Justiz-, Gemeindeund Kirchendirektion des Kantons Bern Direction de la justice, des affaires communales et
des affaires ecclésiastiques
du canton de Berne
Münstergasse 2 3011 Bern Telefon 031 633 76 76 Telefax 031 633 76 25 32.13-07.139 Beschwerdeentscheid vom 12. Juni 2008 Dienstbarkeiten (Überbaurecht) Zur Belastung einer Sache bedarf es der Übereinstimmung aller Miteigentümerinnen und Miteigentümer, soweit diese nicht einstimmig eine andere Ordnung vereinbart haben (Art. 648 Abs. 2 ZGB).

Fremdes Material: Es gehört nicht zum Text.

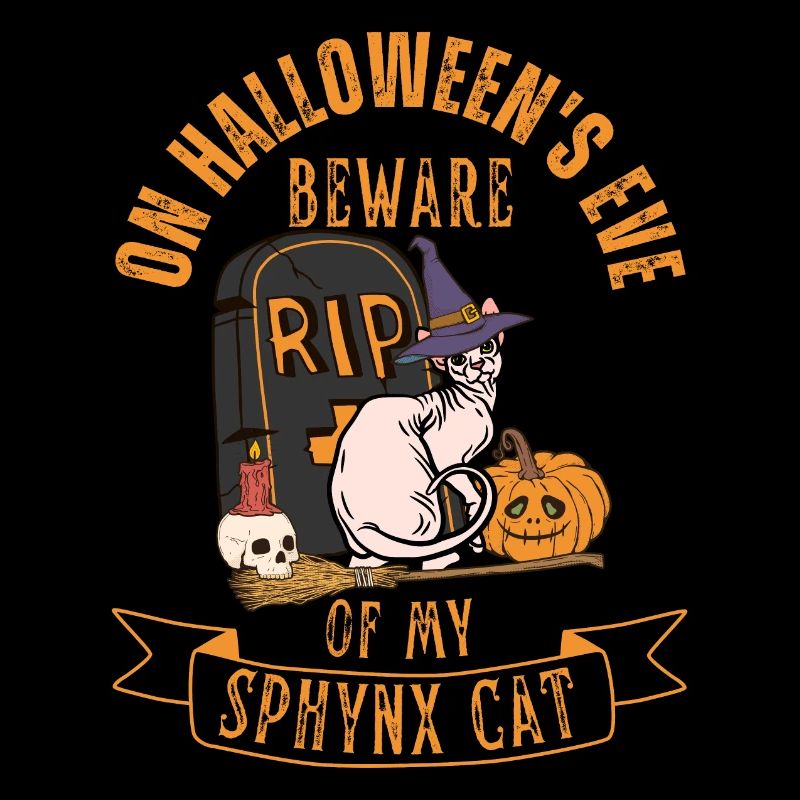 Mignon et effrayant chat d’Halloween Sphynx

Die von den Miteigentümerinnen und Miteigentümern vereinbarte Nutzungs- und Verwaltungsordnung und die von ihnen gefassten Verwaltungsbeschlüsse sowie die gerichtlichen Urteile und Verfügungen sind auch für die Rechtsnachfolgerin oder den Rechtsnachfolger einer Miteigentümerin oder eines Miteigentümers und für die Erwerberin oder den Erwerber eines dinglichen Rechtes an einem Miteigentumsanteil verbindlich. Vereinbarungen über die Belastung einer Sache sind jedoch nicht der Nutzungsund Verwaltungsordnung zuzuordnen, weshalb eine Bindung allfälliger Rechtsnachfolger an solche Vereinbarungen entfällt. Die in der Nutzungs- und Verwaltungsordnung enthaltene Bestimmung, wonach es für die Belastung der Grundstücke lediglich einer 2/3 Mehrheit der Miteigentümerinnen und Miteigentümer bedarf, ist für die Rechtsnachfolgerinnen und Rechtsnachfolger der ursprünglichen Mitglieder der Miteigentümergemeinschaft daher nicht bindend. Die Bevollmächtigung zur Unterzeichnung eines Dienstbarkeitsvertrages muss demnach von allen aktuellen Miteigentümerinnen und Miteigentümern erteilt werden.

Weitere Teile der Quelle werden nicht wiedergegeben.